Because it was a society based on the myths of innate racial difference, a hierarchy based on notions of supremacy—white superiority and its conjoined twin black inferiority—the language used to articulate that thinking was rooted in the unique experience of white southerners. The role of metaphor is not only to describe our experience of reality; metaphor also shapes how we perceive reality. Thus, in the century following the war, the South—in the white mind of the South—became deeply entrenched in the idea of a noble and romantic past. It was moonlight and magnolias, chivalry and paternalism. The blacks living within her borders, when they were good, were “children” to be guided, looked after, protected from their own folly, “mules” of the earth, “darkies” with the “light of service” in their hearts. When they stepped out of line, they were “bad niggers” from whom white women—carriers of the pure bloodline—needed to be protected; they were animals to be husbanded into a prison system modeled on the plantation system—or worse, strange fruit hanging from the poplar trees. On the monumental landscape, in textbooks, they were unstoried but for the stories told about them. In my twelfth grade history book they were “singing and happy in the quarters,” “better off under a master’s care.” According to my teacher, they were “passive recipients of white benevolence” who’d “never fought for their own freedom”—even as nearly two hundred thousand fought in the Civil War.
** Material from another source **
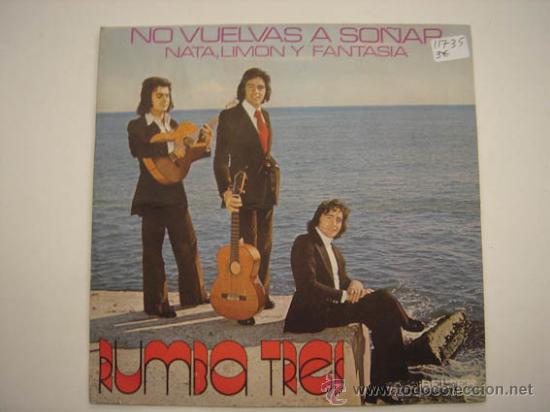 Discos de vinilo: Single Rumba Tres - Foto 1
And when they seemed exceptional in the mind of the South, they were magical: You’re smart for a black girl, pretty for a black girl, articulate—not like the rest of them . . .
Through the misuses of history, the creation of “hallowed” falsehoods, as historian John Hope Franklin pointed out, the white South found “the intellectual justification for its determination not to yield on many important points, especially in its treatment of the Negro.”